Restate all of the entries exactly. Any picture in them should be skipped.

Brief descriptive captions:
'''

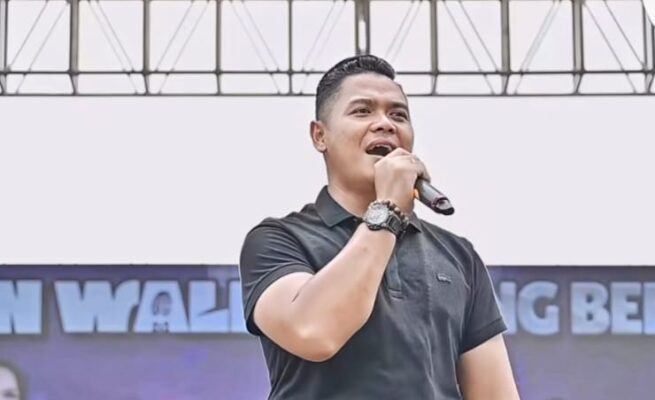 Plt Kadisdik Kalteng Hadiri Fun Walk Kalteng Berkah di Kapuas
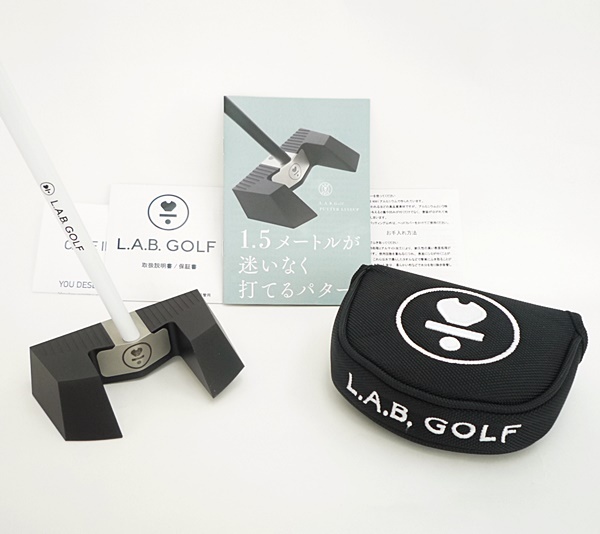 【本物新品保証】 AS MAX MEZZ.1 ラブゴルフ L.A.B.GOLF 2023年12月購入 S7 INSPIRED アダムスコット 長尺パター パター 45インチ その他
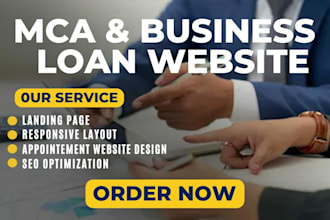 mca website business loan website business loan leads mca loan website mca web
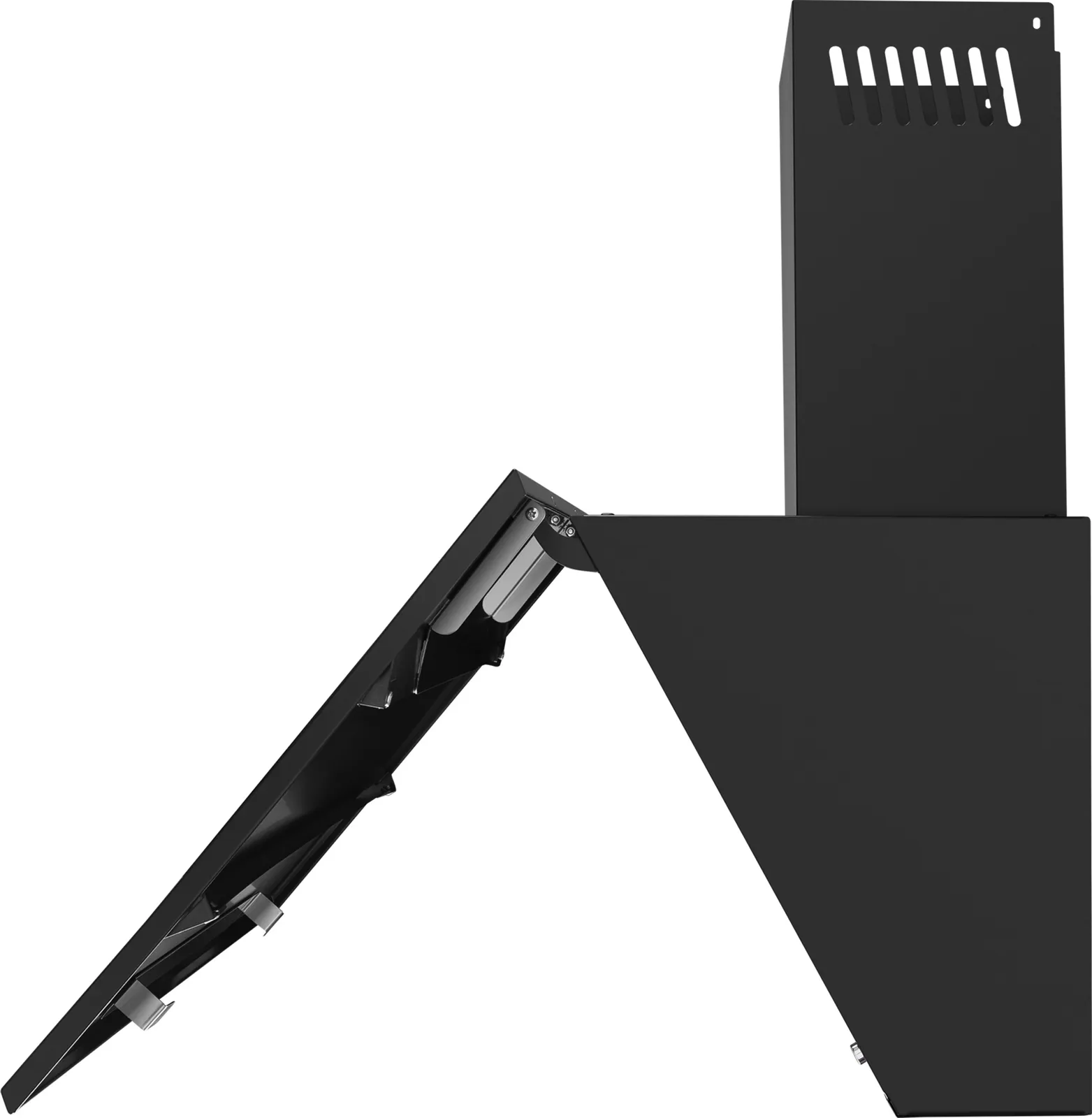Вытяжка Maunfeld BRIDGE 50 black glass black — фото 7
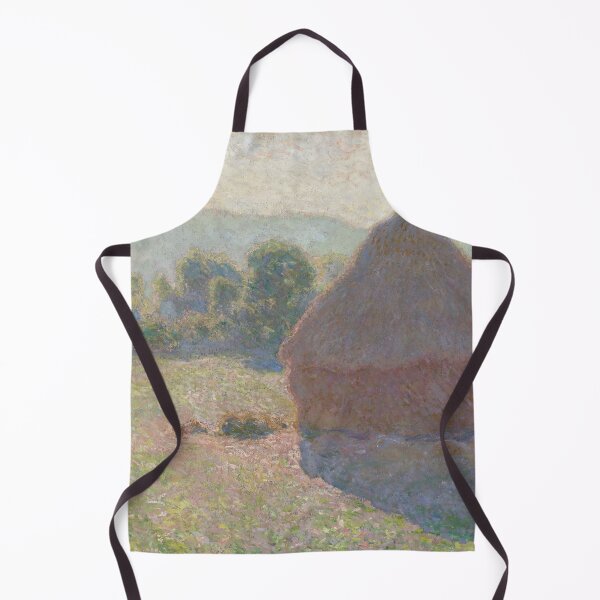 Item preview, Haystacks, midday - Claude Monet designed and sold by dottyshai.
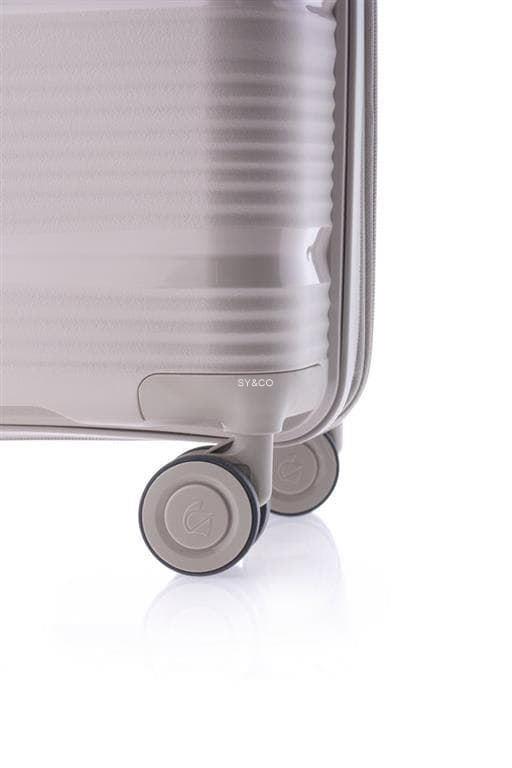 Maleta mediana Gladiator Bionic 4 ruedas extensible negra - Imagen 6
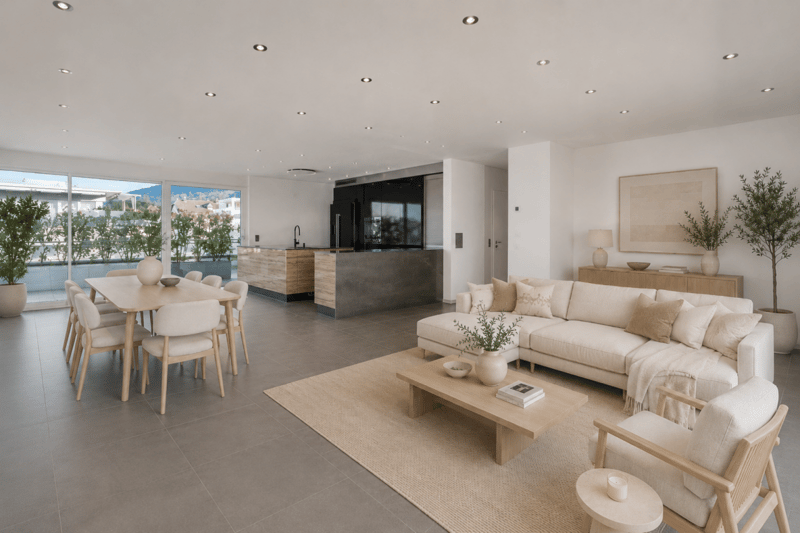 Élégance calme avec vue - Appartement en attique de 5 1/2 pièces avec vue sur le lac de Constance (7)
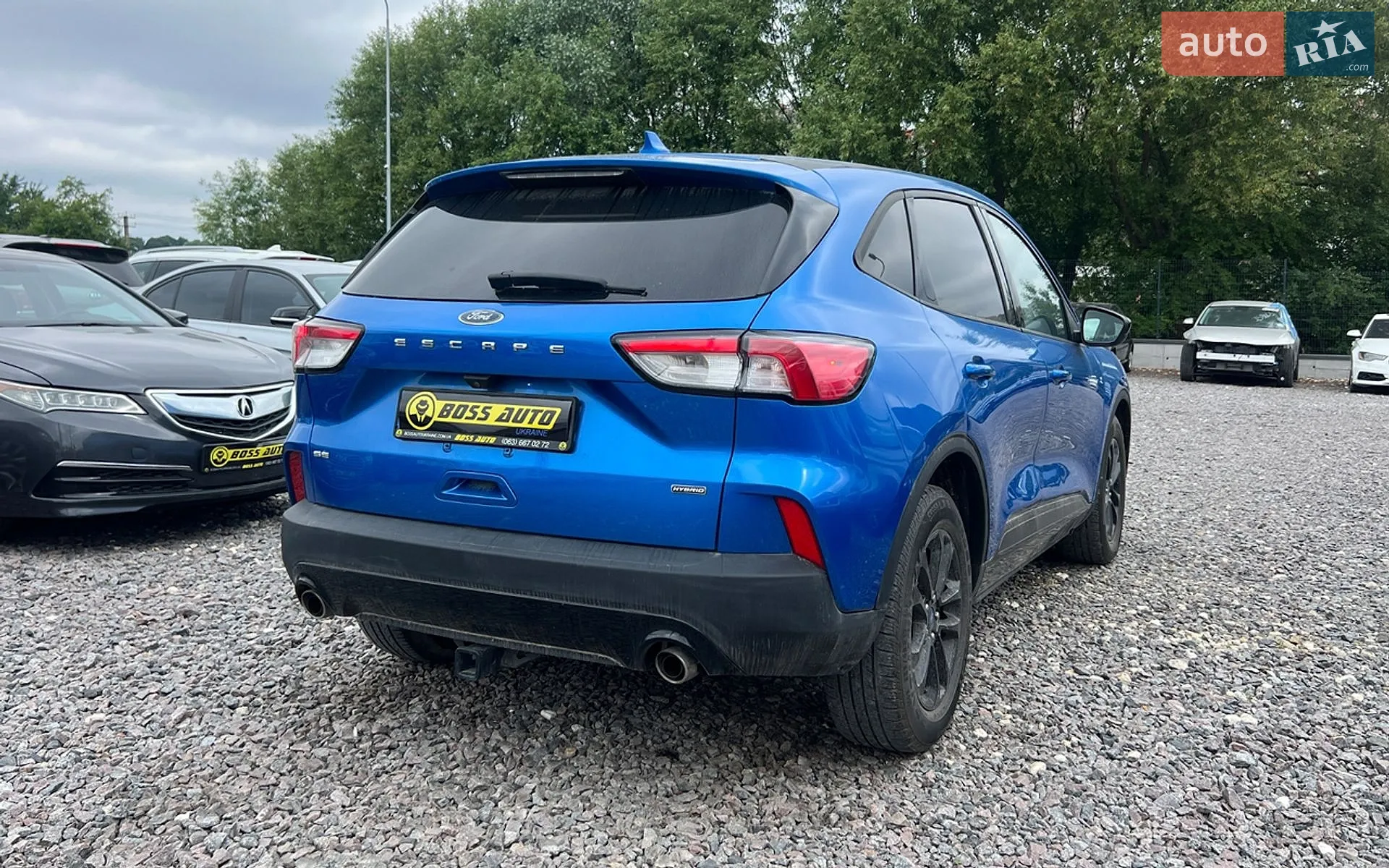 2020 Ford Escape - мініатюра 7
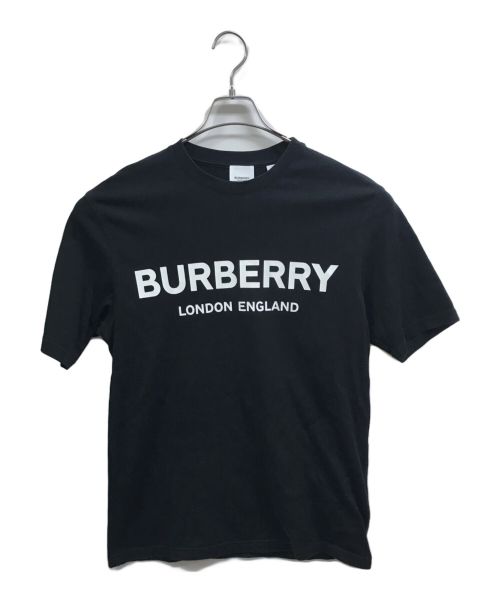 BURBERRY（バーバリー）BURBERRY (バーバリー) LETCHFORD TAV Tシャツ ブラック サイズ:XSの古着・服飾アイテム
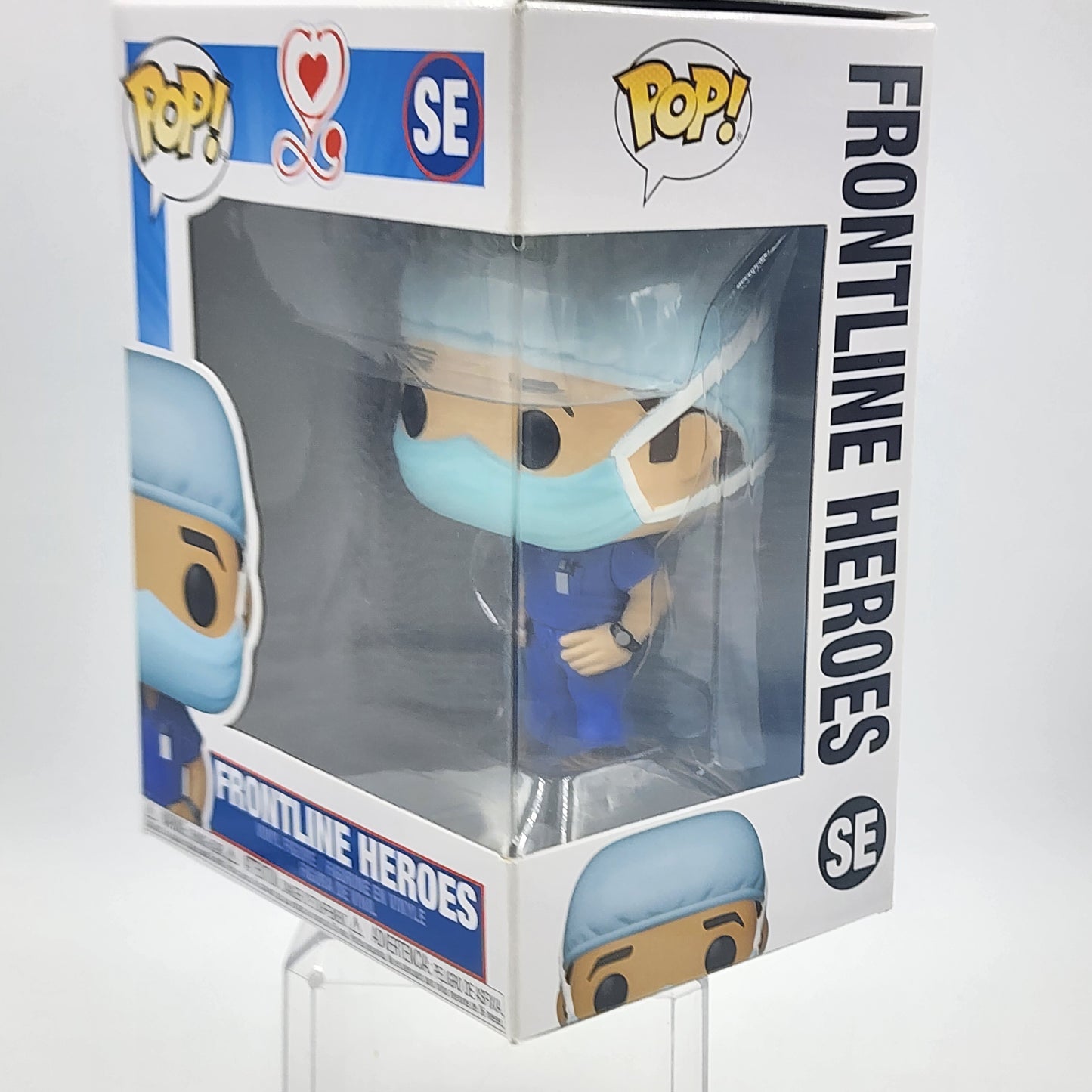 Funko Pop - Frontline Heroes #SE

'''

Answer section =>
 Plt Kadisdik Kalteng Hadiri Fun Walk Kalteng Berkah di Kapuas
 【本物新品保証】 AS MAX MEZZ.1 ラブゴルフ L.A.B.GOLF 2023年12月購入 S7 INSPIRED アダムスコット 長尺パター パター 45インチ その他
 mca website business loan website business loan leads mca loan website mca web
Вытяжка Maunfeld BRIDGE 50 black glass black — фото 7
 Item preview, Haystacks, midday - Claude Monet designed and sold by dottyshai.
 Maleta mediana Gladiator Bionic 4 ruedas extensible negra - Imagen 6
 Élégance calme avec vue - Appartement en attique de 5 1/2 pièces avec vue sur le lac de Constance (7)
 2020 Ford Escape - мініатюра 7
 BURBERRY（バーバリー）BURBERRY (バーバリー) LETCHFORD TAV Tシャツ ブラック サイズ:XSの古着・服飾アイテム
 Funko Pop - Frontline Heroes #SE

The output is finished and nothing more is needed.